We recorded severance-related expenses of $22.1 million in costs of sales and operating expenses and $4.7 million in selling, general, and administrative expenses during the nine months ended September 25, 2016 . These expenses were related to the publishing segment.

The activity and balance of severance-related liabilities are as follows:
In thousands
Severance Activities
Balance at December 25, 2016
$
18,651

Expense
25,382

Payments
(35,411
)
Balance at September 24, 2017
$
8,622


Facility consolidation and impairment charges: Facility consolidation and other cost savings plans led us to recognize asset impairment charges, shutdown costs, and charges associated with revising the useful lives of certain assets over a shortened period. As part of our plans, we are selling certain assets which we have classified as held-for-sale and for which we have reduced the carrying values to equal the fair values less costs to dispose.

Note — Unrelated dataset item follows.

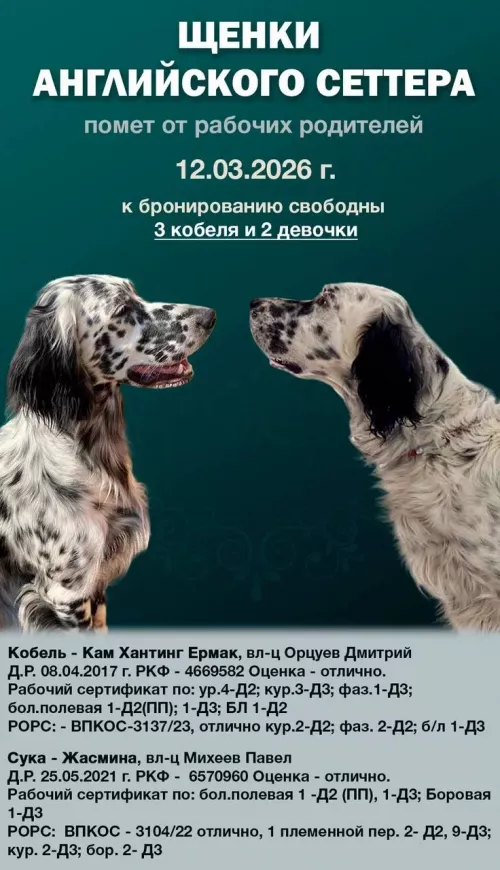 Щенки Английского сеттера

We recorded pre-tax charges for facility consolidations and asset impairments of $2.2 million and $28.7 million for the three months ended September 24, 2017 and September 25, 2016 , respectively. In addition, we incurred accelerated depreciation of $14.1 million for the three months ended September 24, 2017 , which is included in depreciation expense. No accelerated deprecation was incurred for the three months ended September 25, 2016 . These expenses were related to the publishing segment.

We recorded pre-tax charges for facility consolidations and asset impairments of $22.8 million and $33.2 million for the nine months ended September 24, 2017 and September 25, 2016 , respectively. In addition, we incurred accelerated depreciation of $37.6 million for the nine months ended September 24, 2017 , which is included in depreciation expense. No accelerated deprecation was incurred for the nine months ended September 25, 2016 . These expenses were related to the publishing segment.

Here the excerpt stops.